→ RECORDS PROVIDED

* * *

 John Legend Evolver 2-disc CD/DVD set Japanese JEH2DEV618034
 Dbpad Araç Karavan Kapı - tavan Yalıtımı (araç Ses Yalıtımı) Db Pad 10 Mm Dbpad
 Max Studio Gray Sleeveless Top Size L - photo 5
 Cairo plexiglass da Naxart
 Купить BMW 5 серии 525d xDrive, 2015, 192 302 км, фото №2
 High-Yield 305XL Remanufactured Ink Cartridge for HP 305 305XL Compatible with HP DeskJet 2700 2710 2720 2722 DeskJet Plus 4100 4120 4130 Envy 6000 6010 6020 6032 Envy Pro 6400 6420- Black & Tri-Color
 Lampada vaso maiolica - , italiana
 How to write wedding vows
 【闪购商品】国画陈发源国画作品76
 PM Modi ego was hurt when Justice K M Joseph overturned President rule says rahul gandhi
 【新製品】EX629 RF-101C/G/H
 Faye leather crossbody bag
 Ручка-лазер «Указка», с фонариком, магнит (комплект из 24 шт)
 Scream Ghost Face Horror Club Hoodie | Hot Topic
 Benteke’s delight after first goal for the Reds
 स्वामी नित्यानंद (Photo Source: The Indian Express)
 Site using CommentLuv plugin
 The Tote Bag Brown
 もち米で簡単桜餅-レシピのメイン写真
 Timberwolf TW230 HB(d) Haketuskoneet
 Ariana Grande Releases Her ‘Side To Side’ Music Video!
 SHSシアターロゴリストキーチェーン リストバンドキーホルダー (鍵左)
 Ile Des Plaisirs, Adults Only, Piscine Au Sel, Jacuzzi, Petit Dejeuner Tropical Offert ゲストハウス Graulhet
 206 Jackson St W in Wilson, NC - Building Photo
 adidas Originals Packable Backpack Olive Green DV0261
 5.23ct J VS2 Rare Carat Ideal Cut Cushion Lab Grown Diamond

* * *

→ REQUIRED ACTION
Exactly as it appears above, write out the complete listing.

→ TASK ANSWER
 John Legend Evolver 2-disc CD/DVD set Japanese JEH2DEV618034
 Dbpad Araç Karavan Kapı - tavan Yalıtımı (araç Ses Yalıtımı) Db Pad 10 Mm Dbpad
 Max Studio Gray Sleeveless Top Size L - photo 5
 Cairo plexiglass da Naxart
 Купить BMW 5 серии 525d xDrive, 2015, 192 302 км, фото №2
 High-Yield 305XL Remanufactured Ink Cartridge for HP 305 305XL Compatible with HP DeskJet 2700 2710 2720 2722 DeskJet Plus 4100 4120 4130 Envy 6000 6010 6020 6032 Envy Pro 6400 6420- Black & Tri-Color
 Lampada vaso maiolica - , italiana
 How to write wedding vows
 【闪购商品】国画陈发源国画作品76
 PM Modi ego was hurt when Justice K M Joseph overturned President rule says rahul gandhi
 【新製品】EX629 RF-101C/G/H
 Faye leather crossbody bag
 Ручка-лазер «Указка», с фонариком, магнит (комплект из 24 шт)
 Scream Ghost Face Horror Club Hoodie | Hot Topic
 Benteke’s delight after first goal for the Reds
 स्वामी नित्यानंद (Photo Source: The Indian Express)
 Site using CommentLuv plugin
 The Tote Bag Brown
 もち米で簡単桜餅-レシピのメイン写真
 Timberwolf TW230 HB(d) Haketuskoneet
 Ariana Grande Releases Her ‘Side To Side’ Music Video!
 SHSシアターロゴリストキーチェーン リストバンドキーホルダー (鍵左)
 Ile Des Plaisirs, Adults Only, Piscine Au Sel, Jacuzzi, Petit Dejeuner Tropical Offert ゲストハウス Graulhet
 206 Jackson St W in Wilson, NC - Building Photo
 adidas Originals Packable Backpack Olive Green DV0261
 5.23ct J VS2 Rare Carat Ideal Cut Cushion Lab Grown Diamond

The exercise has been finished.